Nel corso del suo intervento, Marco Damilano ha raccontano di come, da diverse visioni della storia, possano nascere idee di politica. Una di queste è quella della “inevitabilità della storia”, che comporta una rigida meccanicità dell’agire politico: «la natura ha prodotto il mercato, che ha prodotto la democrazia, che ha prodotto la felicità. Non si può fare nient’altro, bisogna solo assecondare questo movimento», dice Damilano. Dall’altra parte, la “politica dell’eternità” cerca la sua giustificazione in narrazioni millenarie e dal sapore mitologico, che motivano ogni violenza e ogni atrocità. L’individuo si trova schiacciato (e accecato) da questi macigni storici, e si trova sottratto del suo libero arbitrio. Infine, la “politica dell’anti-politica” vuole rompere con il sistema, ribaltando lo status quo. Questa concezione non è in grado di generare un’idea di persona e un’idea di società se non quella di un’illusoria e falsa incorruttibilità, che però non riesce a portare frutti o a costruire il cambiamento sperato.

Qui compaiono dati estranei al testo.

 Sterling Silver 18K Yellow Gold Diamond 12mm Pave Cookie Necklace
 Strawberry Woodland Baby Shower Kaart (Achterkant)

A queste visioni, Damilano propone un’alternativa: la “politica del cambiamento e della libertà”, ovvero l’unica via per permettere ai fatti di non rimanere sterili accadimenti. Solo così, infatti, la realtà può essere narrata e contestualizzata. Questo approccio si basa sulla consapevolezza di quello che Mounier chiama “l’avvenimento”, ossia il “maestro interiore”. Avvenimento è ciò che accade e che irrompe nelle nostre vite: il nostro compito è riconoscerlo e farlo risuonare a favore della comunità, ancora una volta narrando ciò che ci circonda.

Oggi stiamo attraversando un esodo europeo: l’invasione russa ha cambiato lo scenario geopolitico mondiale, scardinando le vecchie consuetudini. Damilano, in conclusione, ricorda che, come si intuisce da “Esodo e rivoluzione” (Michael Walzer), la promessa insita nell’arduo cammino del deserto (l’esodo) implica la presenza della terra promessa. Raggiungerla non è facile e richiede un cammino lungo e impervio. L’unico modo per percorrerlo è unirsi, creare una nuova comunità che voglia compiere questo cammino insieme. Solo creando una nuova esperienza comunitaria, che si base sulla scoperta di sé stessi, si può costruire un futuro migliore, “più buono e più giusto, di pace”. Memoria, storia e eredità non sono nozioni sterili, ma diventano la concreta possibilità per scoprire noi stessi e leggere il presente. Facendo così, si può ambire alla profondità, andando oltre la superficie e guardando sotto il pelo dell’acqua.

Questa è l’ambizione del cammino di Comunità Connessioni e del suo percorso di formazione politica #formpol: essere una casa comune fondata su quelli che p. Francesco Occhetta ha definito, nell’introduzione, i cinque pilastri: formazione, spiritualità, progettualità, responsabilità e comunità.